A 15 de Agosto de 1534, todos se dirigiram a este santuário, onde os primeiros apóstolos dos Gauleses tinham recebido a morte em testemunho da fé que ali vieram trazer. Pedro Fabro, o único que era sacerdote, celebrou a santa missa. Antes da comunhão voltou-se para os seus irmãos, tendo nas mãos o corpo de Nosso Senhor, e todos, um após outro pronunciaram, em face da Hóstia adorável, a fórmula dos seus votos de castidade perpétua, de pobreza voluntária, e de viagem apostólica à Terra Santa ou abandono à disposição do Sumo Pontífice para maior glória de Deus. Comprometeram-se, além disso, a não aceitar nenhuma dignidade eclesiástica, e a não receberem gratificação por nenhuma das funções do seu santo ministério.

Depois destas promessas, todos comungaram com -tanto fervor e tão doce consolação, que Simão Rodrigues, trinta anos depois, afirmava não ter nunca experimentado felicidade comparável àquela que se seguiu ao seu primeiro compromisso em Montmartre.

Os novos apóstolos sentiam-se tão felizes que não se podiam separar depois desta grande e solene ação; tinham necessidade de se verem, de se felicitarem mutuamente, de gozarem juntos da sua felicidade comum. Corria uma pequena fonte, límpida e fresca, ao sopé da colina; desceram, rodearam-na, tomaram uma pequena refeição e combinaram o que deviam fazer. Alguns deles não tinham terminado os seus estudos teológicos, era preciso terminá-los e resolveram que o seu voto de pobreza não seria obrigatório exteriormente senão depois destes estudos. Até então, continuaria a guardar-se segredo sobre a associação que acabava de formar-se.

Decidiu-se em seguida que, no dia 25 de janeiro de 1536, partiriam para Veneza, de onde embarcariam para a Palestina, a não ser que os corsários inimigos fossem um obstáculo invencível à viagem. Entretanto reunir-se-iam frequentes vezes, ora em casa duns, ora em casa doutros, tomariam juntos uma refeição muito frugal, conversariam sobre assuntos espirituais, e conservariam entre si uma terna caridade, que os uniria de maneira que não houvesse entre eles senão um só coração e uma só alma. Inácio recomendou-lhes que se aproximassem dos sacramentos todos os domingos e dias santificados, e que renovassem os seus votos todos os anos, em igual dia, no mesmo sítio:

Combinado tudo isto, os amigos abraçaram-se cordialmente e separaram-se.
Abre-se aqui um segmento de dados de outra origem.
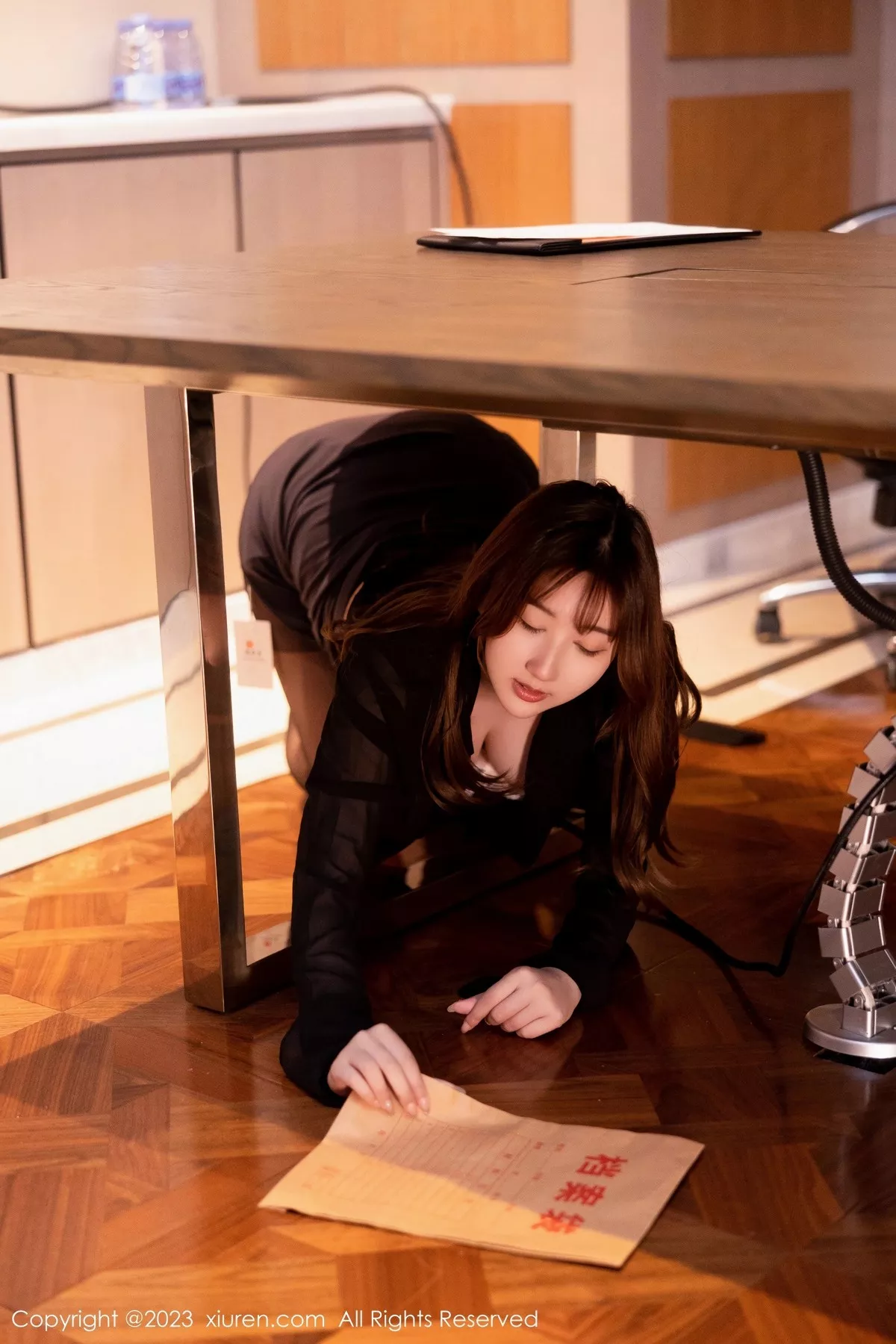 秀人集.com_[XiuRen秀人网]No.6848_模特江真真性感Ol制服露灰色内衣配超薄黑丝秀丰腴身材诱惑写真78P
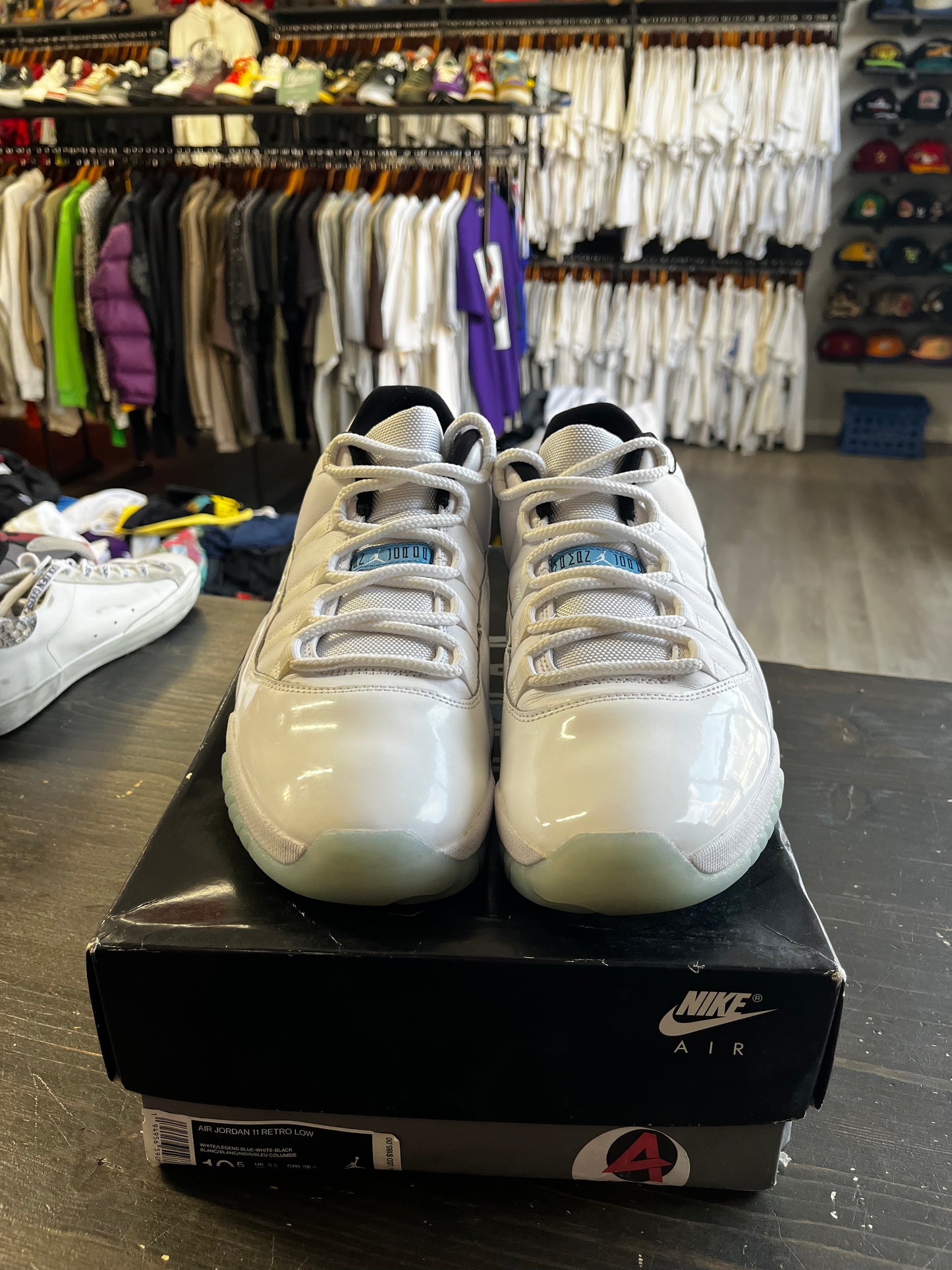 Pre-Owned Jordan 11 Retro Low Legend Blue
Tinha nascido a Companhia de Jesus.

Naquele mesmo ano de 1534, Henrique VIII, rei de Inglaterra publicava um edito, declarando culpado de crime capital, e dignos de morte, os súditos que não riscassem o título de soberano pontífice de qualquer livro ou escrito em que o encontrassem.

Ao mesmo tempo, Calvino enviava os seus emissários a todas as universidades de França para inocular nelas o veneno da heresia.

No momento em que vemos aparecer os primeiros apóstolos, que deviam ser os mais temíveis adversários desta nova heresia, começava ela a fazer estragos, com um resultado deplorável, entre os estudantes dos colégios de Paris.